Fokker-Planck entropic force interpretation of galactic rotation curves

Abstract

We investigate whether the discrepancy between observed galactic rotation curves and those predicted from baryonic matter can be interpreted as the manifestation of an emergent entropic force. Starting from a minimal statistical framework, we derive an effective radial force from a stationary solution of the Fokker-Planck equation under simple and physically motivated assumptions. We confront this Fokker-Planck entropic (FPE) model with high-quality rotation curves from the SPARC database, performing a systematic comparison with standard halo profiles, including Navarro-Frenk-White (NFW), Burkert, and pseudo-isothermal (ISO) models. The FPE model provides fits of comparable or improved statistical quality than traditional profiles, while yielding stellar mass-to-light ratios within physically consistent ranges, in contrast to NFW and Burkert fits that often approach prior limits.

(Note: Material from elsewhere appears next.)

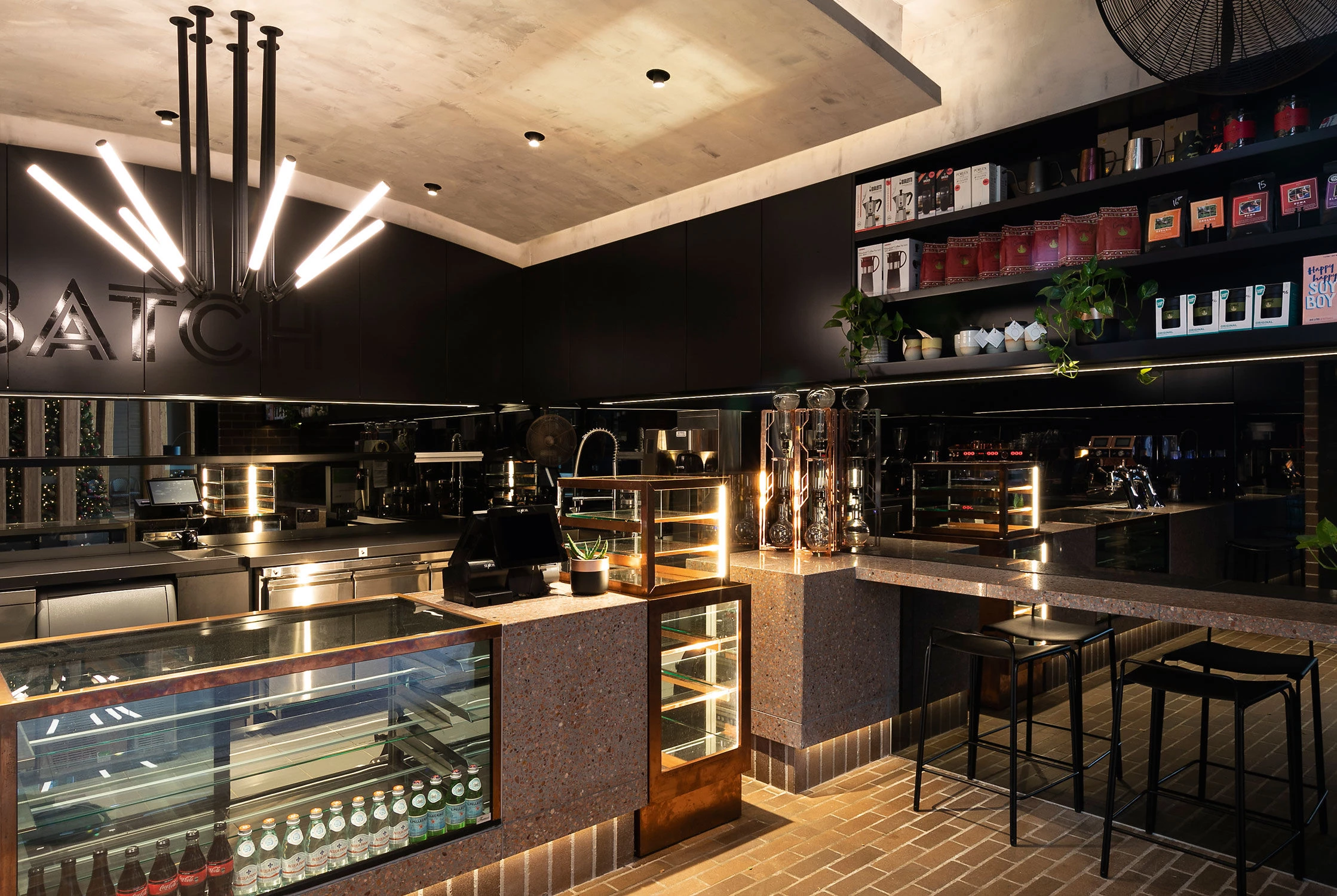 悉尼 Batch Espresso 咖啡厅丨Giant Design-11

Beyond reproducing rotation curves, the model naturally gives rise to strong correlations between its characteristic parameter and global galaxy properties, including the flat rotation velocity and infrared luminosity. These relations are consistent with well-known empirical scaling laws such as the Tully-Fisher relation, suggesting that the proposed framework captures key aspects of the underlying dynamics. Our results indicate that a minimal entropic-force description, grounded in statistical mechanics, can account for galactic rotation curves while simultaneously encoding their scaling relations, offering a complementary and physically motivated perspective to standard dark matter halo interpretations of galaxy rotation curves.